DIRECTIONS FOR THIS TASK
Only the lines from the start of the data through the line with "Top of the Hill" belong in the copy. Restate them word for word, minus the pictures.

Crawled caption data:
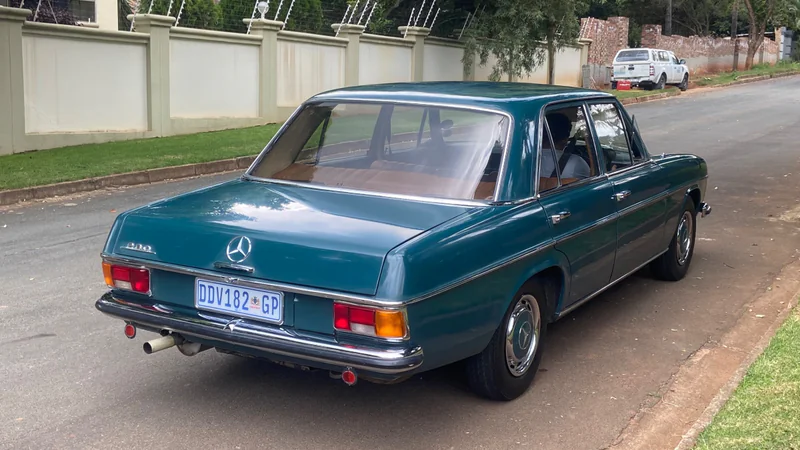 1970 Mercedes-Benz 230.6 in Randburg 4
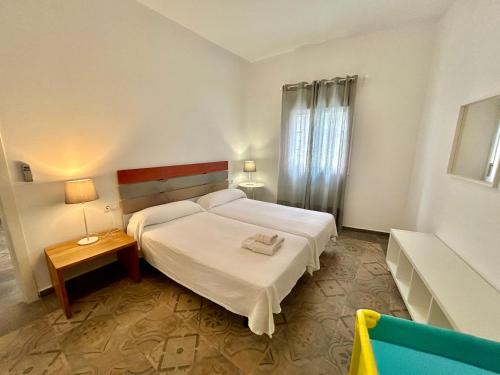 Acogedor apt 8pax 4Bdr 2Bth - CozyHomeSevilla1, Seville (photo 4)
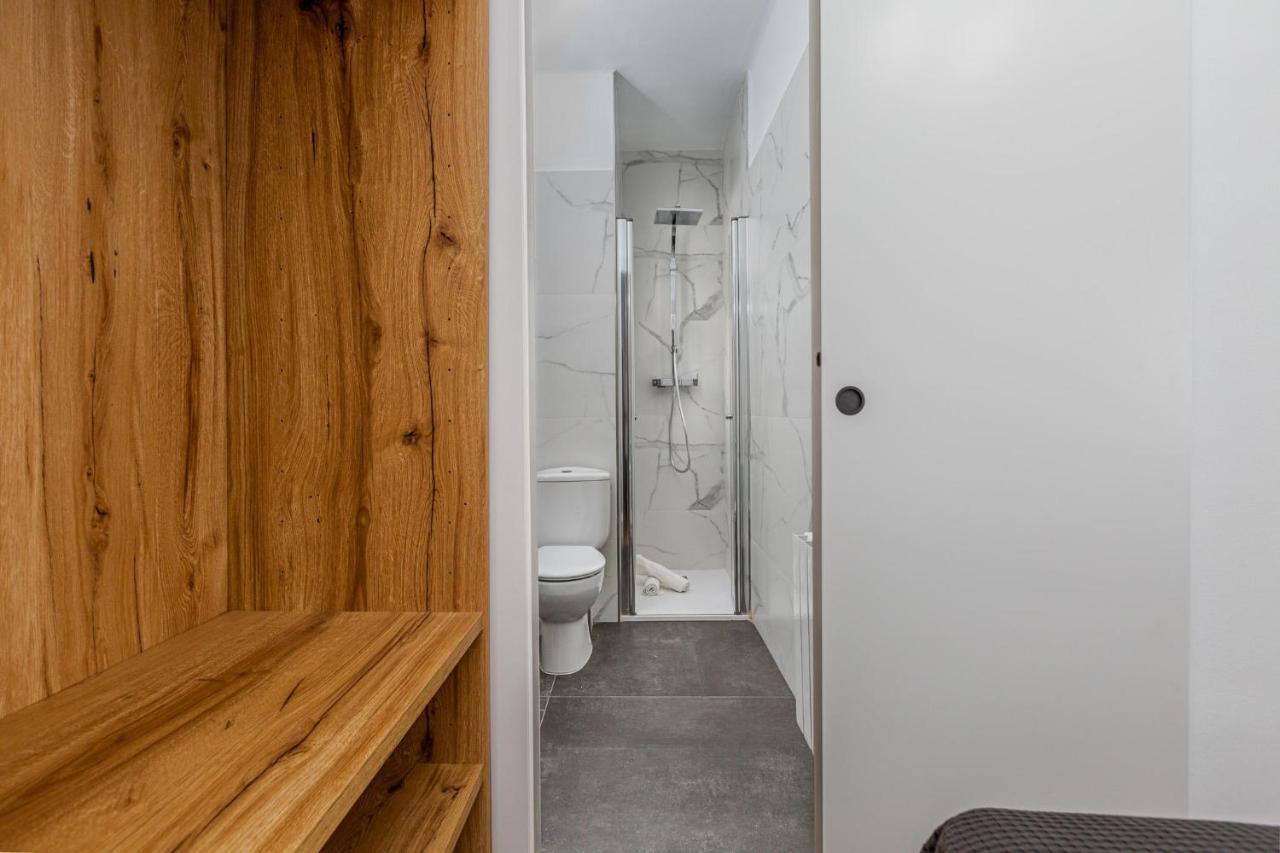 Simply Stunning - Hidden Gem, Heart Of Poble Sec Apartment บาร์เซโลนา ภายนอก รูปภาพ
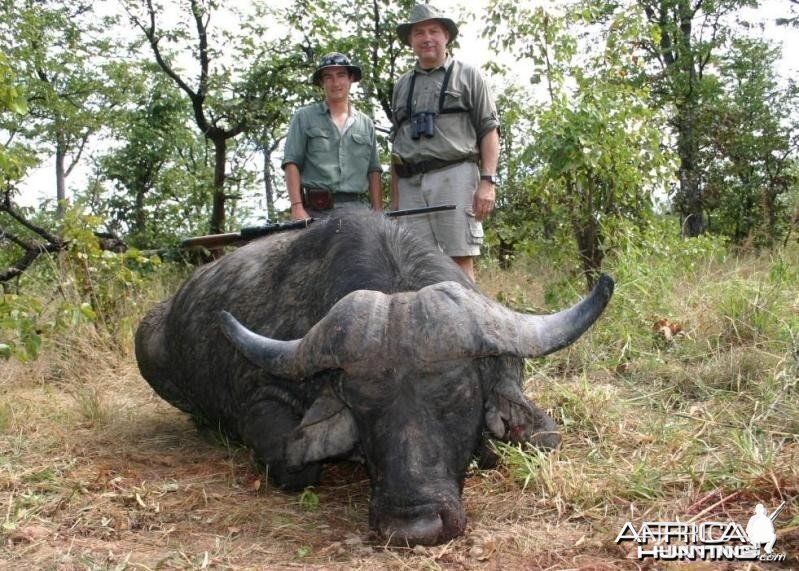 Nice old Buffalo bull, Shaun Buffee and me in Zimbabwe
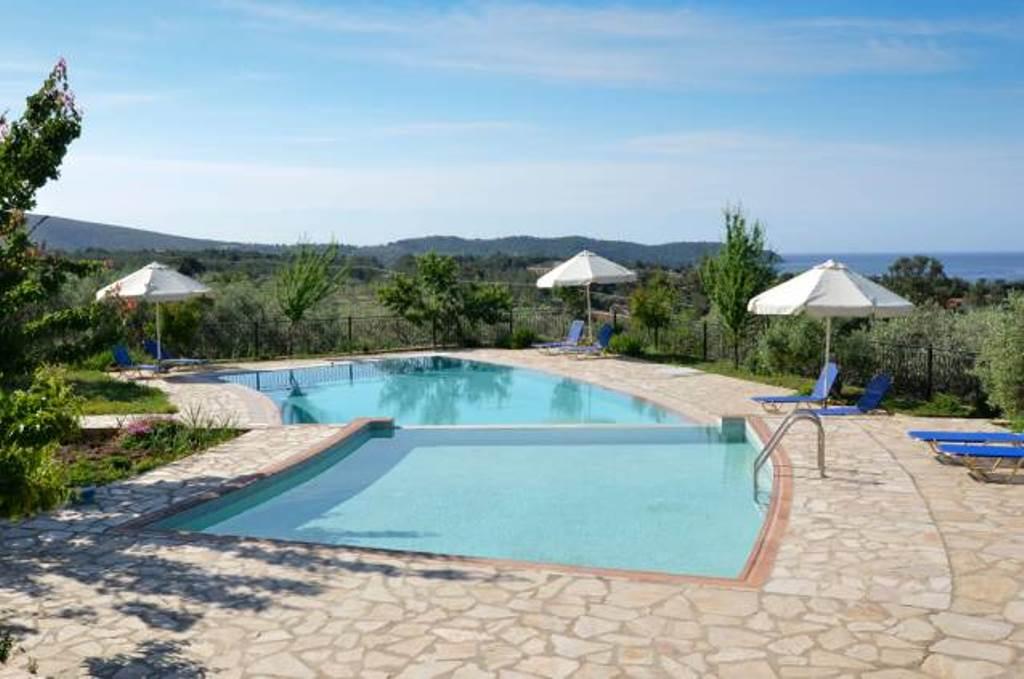 Moonbeam Hotel Potos Bagian luar foto
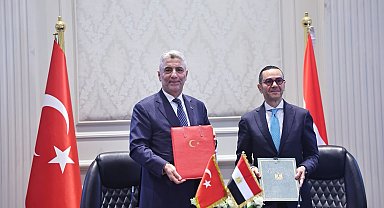 Ticaret Bakanı Bolat, Mısır'da YDTİM II. Dönem Toplantısı'na katıldı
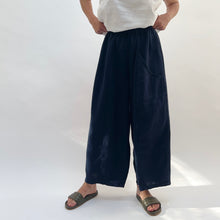 Load image into Gallery viewer, Eleven Stitch | Linen One Pocket Pant in Black
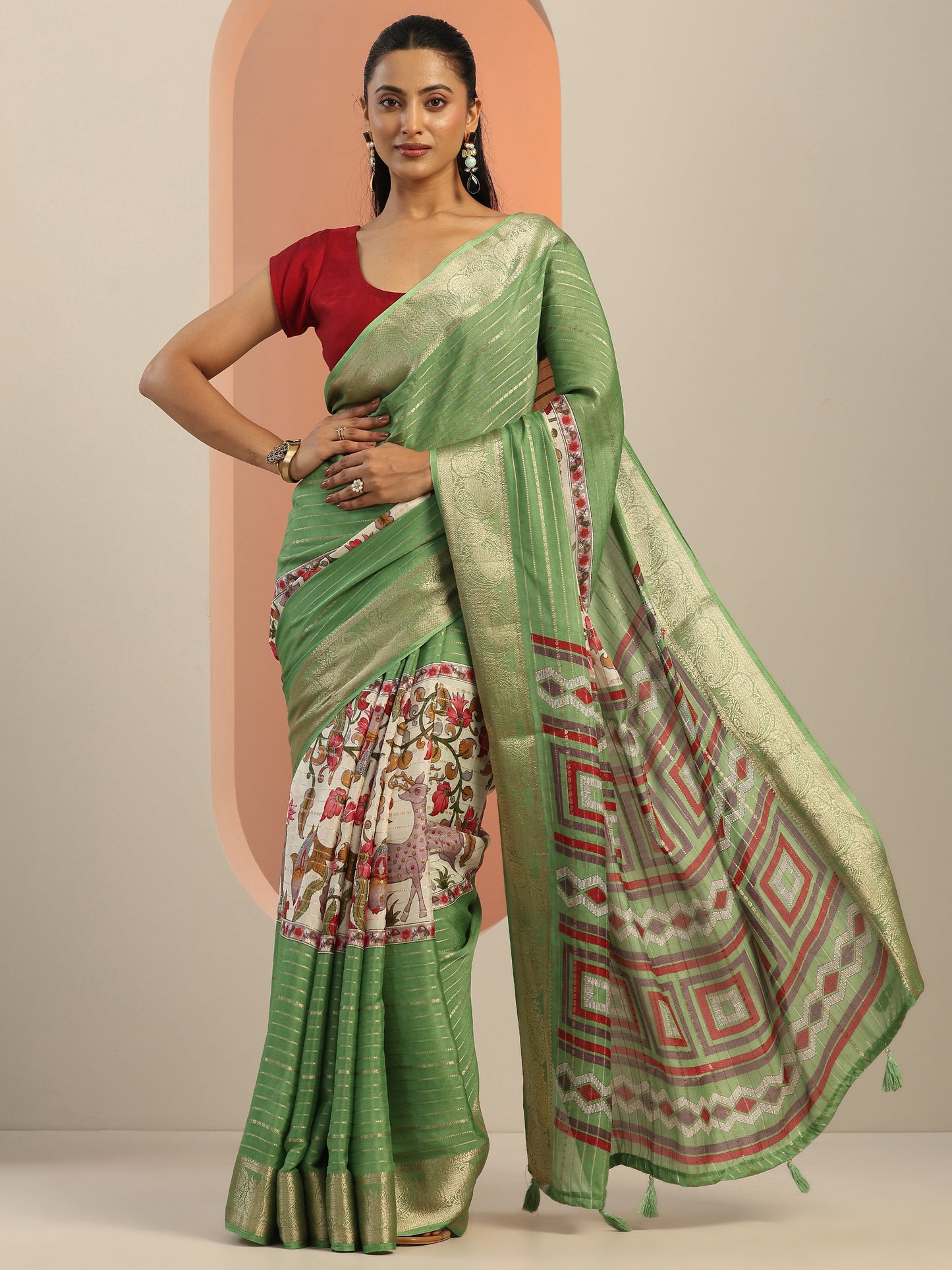 Multi Printed Crepe Saree With Unstitched Blouse Piece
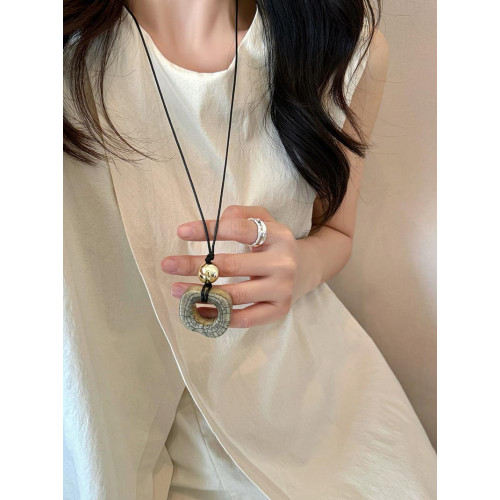 駱駝骨吊墜項鍊女輕奢氣質高級感長款秋冬毛衣鏈2025新款裝飾配飾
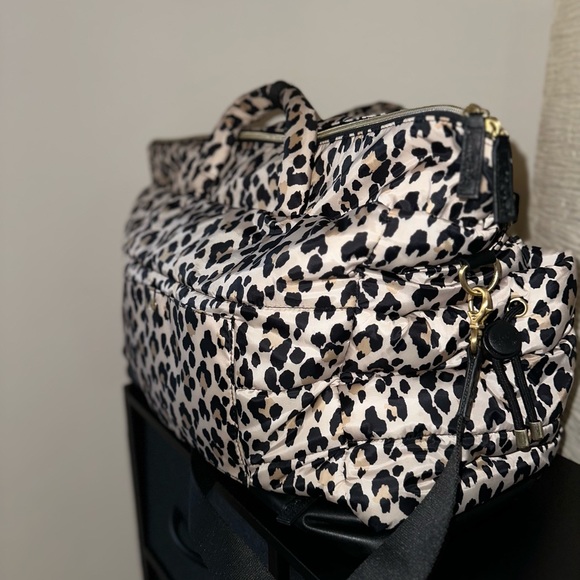 Itzy ritzy Dream Weekender Diaper & Travel Bag - Picture 2 of 4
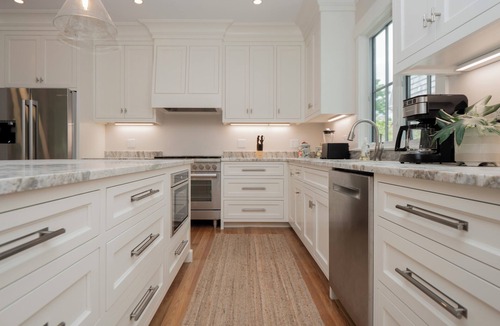Top of the Hill House | Newly fully renovated 5 bedroom close to all that Newport has to offer
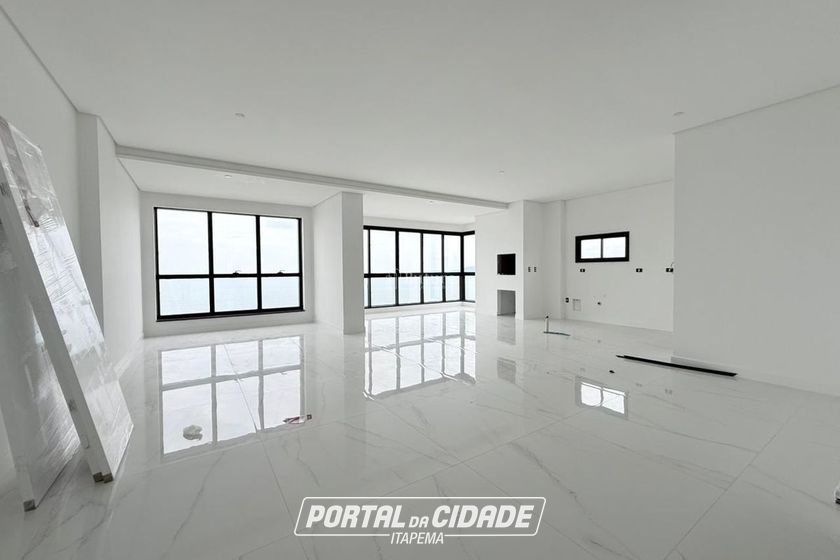 Apartamento &agrave; venda - 190m&sup2; - Meia Praia
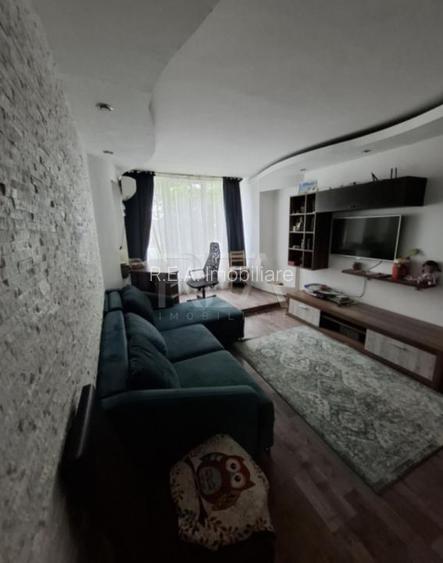 3 camere, 1/4, anvelopat, 2 boxe 20mp-Apusului - 2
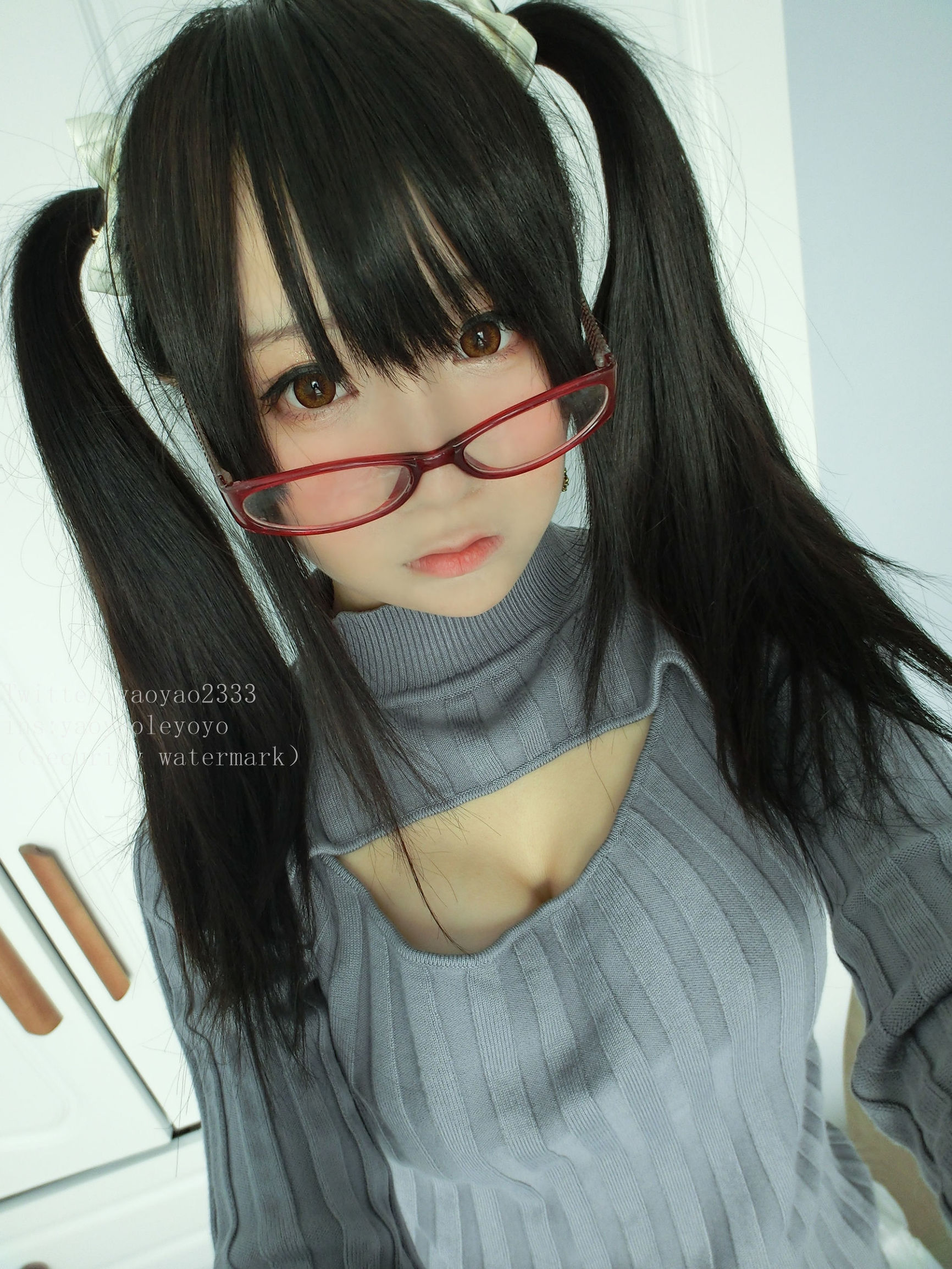 สาวน่ารัก Coser โยโย่ สาวสวยชุดถุงน่องดำ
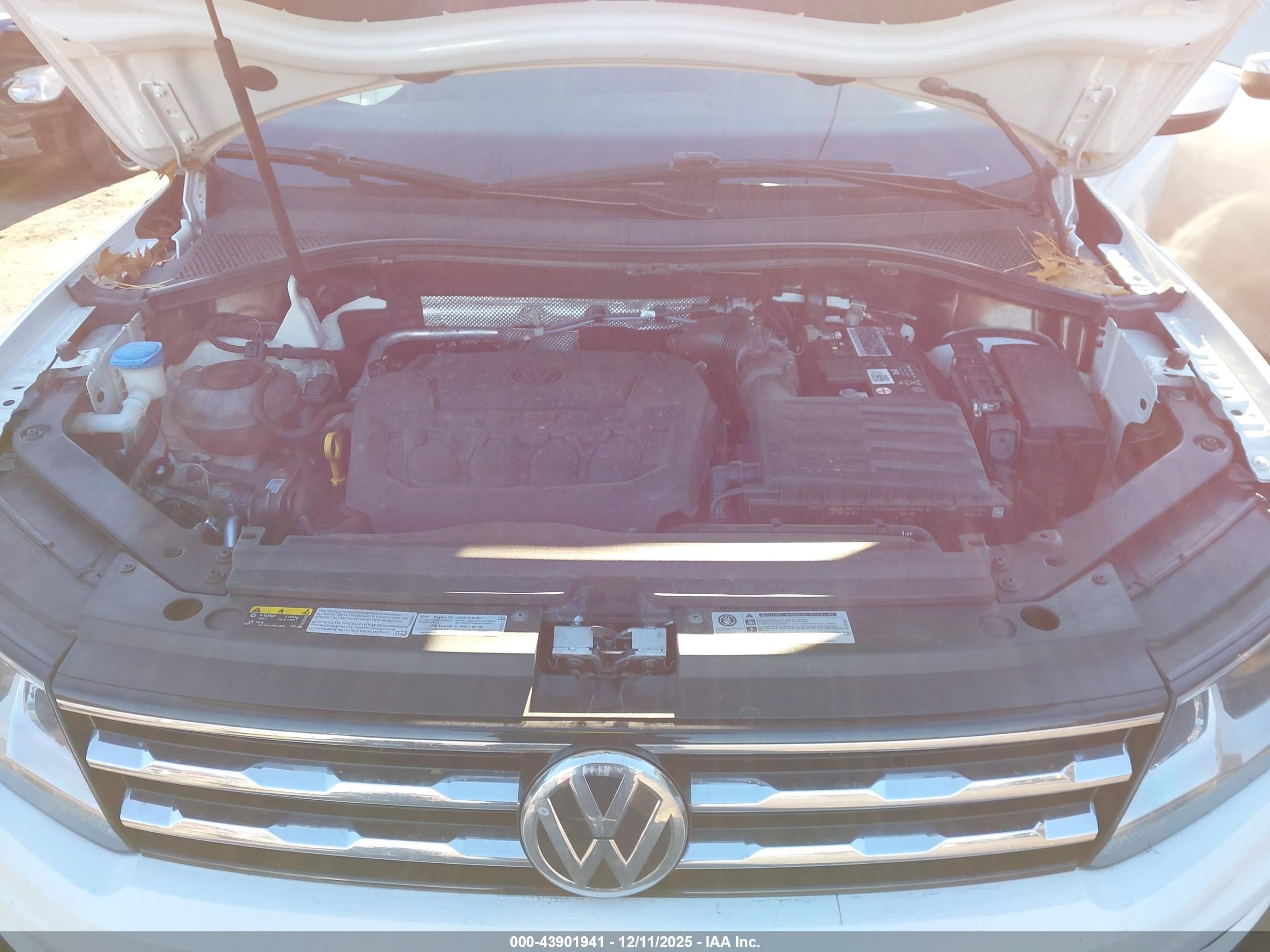 VOLKSWAGEN TIGUAN image 10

YOUR RESPONSE
 1970 Mercedes-Benz 230.6 in Randburg 4
 Acogedor apt 8pax 4Bdr 2Bth - CozyHomeSevilla1, Seville (photo 4)
 Simply Stunning - Hidden Gem, Heart Of Poble Sec Apartment บาร์เซโลนา ภายนอก รูปภาพ
 Nice old Buffalo bull, Shaun Buffee and me in Zimbabwe
 Moonbeam Hotel Potos Bagian luar foto
 Ticaret Bakanı Bolat, Mısır'da YDTİM II. Dönem Toplantısı'na katıldı
 Load image into Gallery viewer, Eleven Stitch | Linen One Pocket Pant in Black
 Multi Printed Crepe Saree With Unstitched Blouse Piece
 駱駝骨吊墜項鍊女輕奢氣質高級感長款秋冬毛衣鏈2025新款裝飾配飾
 Itzy ritzy Dream Weekender Diaper & Travel Bag - Picture 2 of 4
Top of the Hill House | Newly fully renovated 5 bedroom close to all that Newport has to offer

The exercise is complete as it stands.